I’m more XenDesktop / XenApp than Horizon, but I’ll see if I can help …

Q1 & Q3 - Which version of Horizon / Horizon Client are you using?

Q2 - This is to be expected as a result of the using the NVIDIA driver, so don’t worry about it.

Something that may help, when installing VMTools at the start of the build, personally I don’t install the vSGA driver as the NVIDIA driver will supersede it once installed. Also, once the NVIDIA driver has been installed, after a reboot I go into Windows Device Manager and disable the other display adapter, leaving the NVIDIA adapter being the only choice, then I enable "Show Hidden Devices" and remove all Ghost adapters as well.

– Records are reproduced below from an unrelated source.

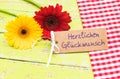 Colorful flowers and greeting card with german text, Herzlichen Glueckwunsch, means congratulation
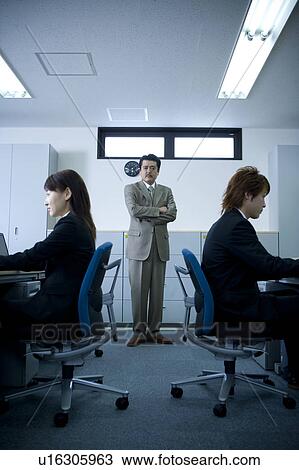 Three people working in office View Large Photo Image Stock Image - Three people working in office. Fotosearch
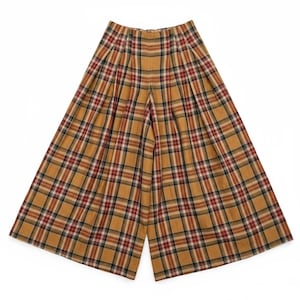 May include: Wide-leg plaid pants in a warm color palette of gold, red, black, and white. The pants feature a classic plaid pattern and a pleated front. The fabric appears to be a medium-weight material, suitable for various seasons.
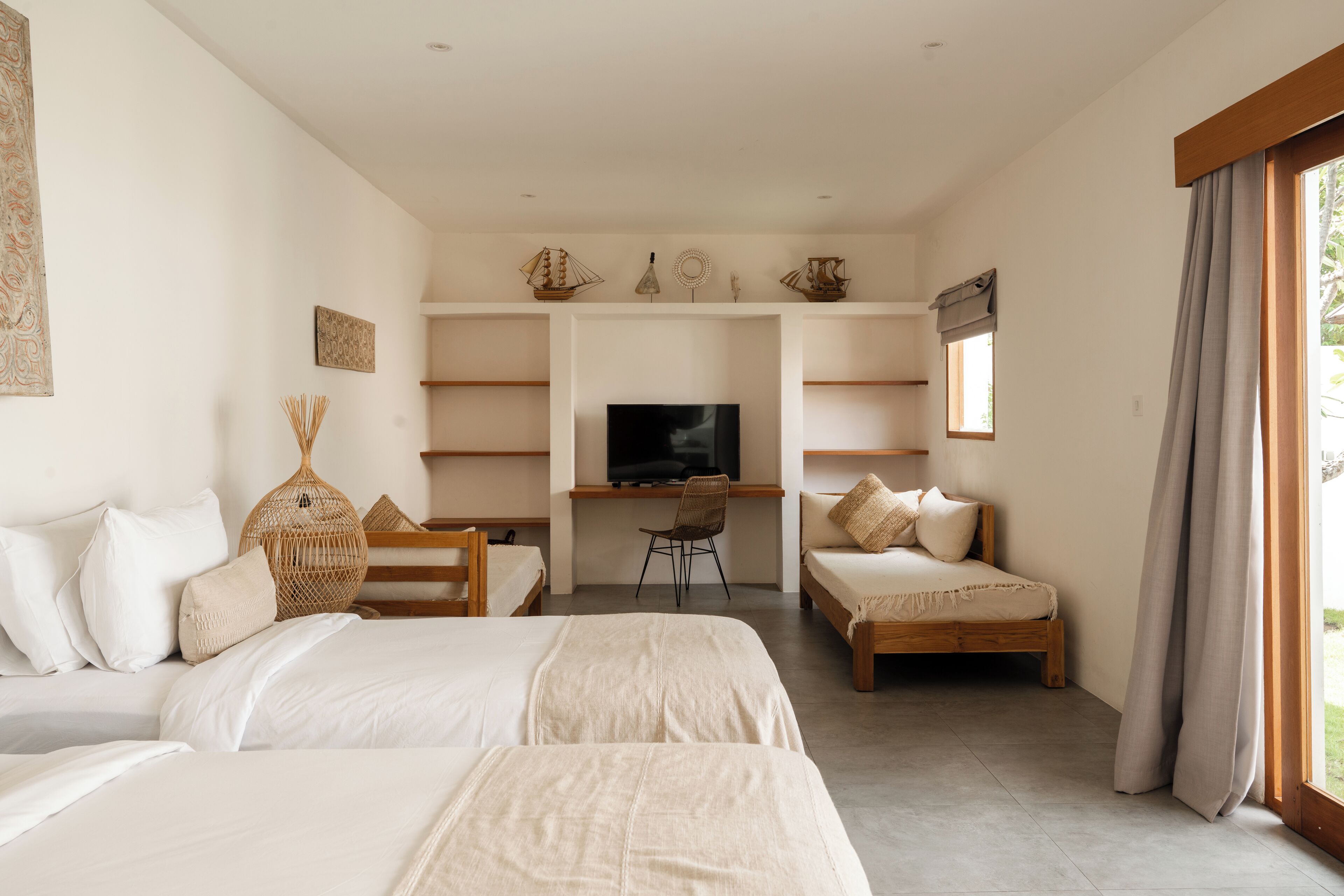 A bedroom with two beds, a desk, a TV, and a window with curtains.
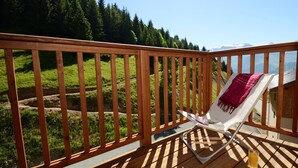 Eine Holzterrasse mit einem Stuhl und einem Getränk, mit Blick auf eine grüne Landschaft und entfernte Berge.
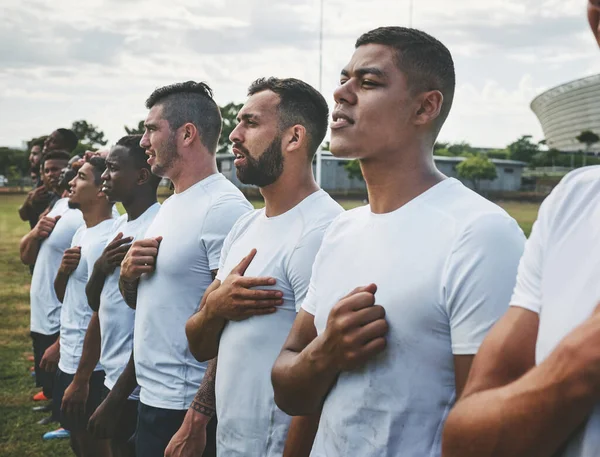 So weit sind wir. Schnappschuss eines Teams selbstbewusster junger Rugbyspieler, die vor einem Rugbyspiel auf einem Feld stehen und ihre Hymne singen. — Stockfoto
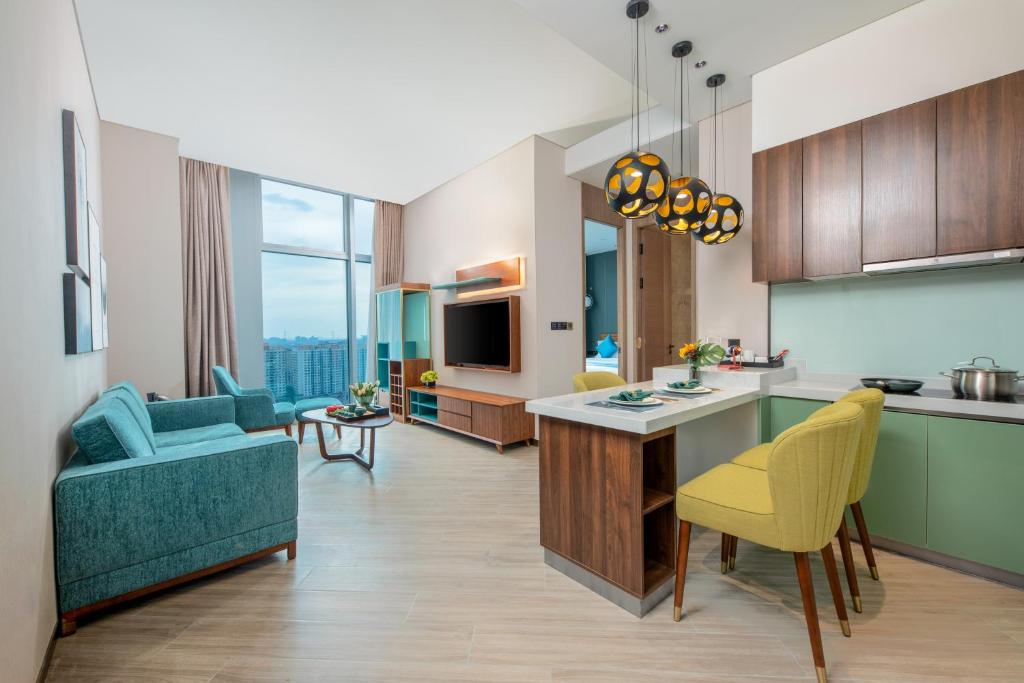 a kitchen and living room with a couch and a table at Sha Zhi Ye Serviced Apartment Hotel - Houjie Wanda Plaza Liaoxia Subway Station in Dongguan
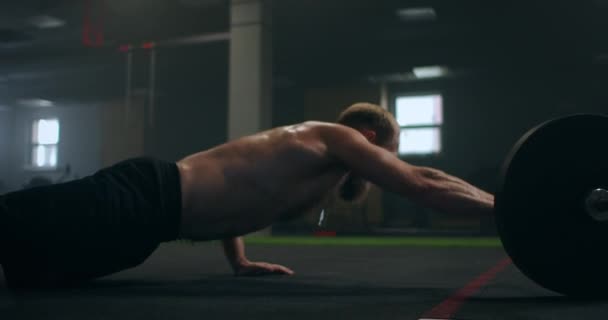 Um homem forte é pressionado em uma mão no ginásio com um vapor em seu corpo . — Vídeo de Stock
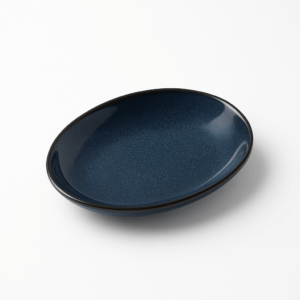 Diep donkerblauwe keramische ovale schaal met subtiel korrelig glazuur, gefotografeerd op een witte achtergrond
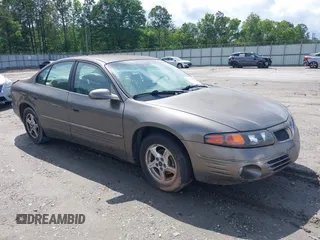 2001 Pontiac Bonneville SE z VIN 1G2HX54K514263686, wystawiony jako IAAI lot #42373637 z przebiegiem Nie podano mil oraz . Historia ofert i sprzedaży dostępna na DreamBid. Obrazek 1.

See if that works for you.

Regards

Ben

HI Ben, thanks for the quick reply.
Q1 and 3.
horizon client: 4.4.0 build-5171611
Horizon: 7.1.0 build-5170113

Q2 - I Will disable thanks.

I also have to tag on a 4th question (sorry) that i have unfortunately ran into!

Q4. I have 10 x Win 7 VM’s. I want to allocate 6 x VMs with a 4GB profile and 4 x VM’s with a 2GB profile (i have 2 x Tesla M60 GPUs in one Esxi Host). I have configured 4 x VM’s with the profile "grid_m60-4q". I have tried to go on and configure the next VM but it says "The a mount of graphics resource available in the parent resource pool is insufficient for the operation". I tried the profile "grid_m60-2q" with this attempt. I went out to lunch came back and was able to assign a 4q profile. I though OK ill stick it back on the 2q. It failed again.

Thanks…

As you’re running differing vGPU Profiles on the same Host, you’ll need to configure the VM deployment / GPU allocation differently. By default, GRID is configured for performance, so it will spread VMs on to as many different physical GPUs as possible. You need to change that so that it’s the opposite and will consolidate as many VMs on to the same GPU as possible.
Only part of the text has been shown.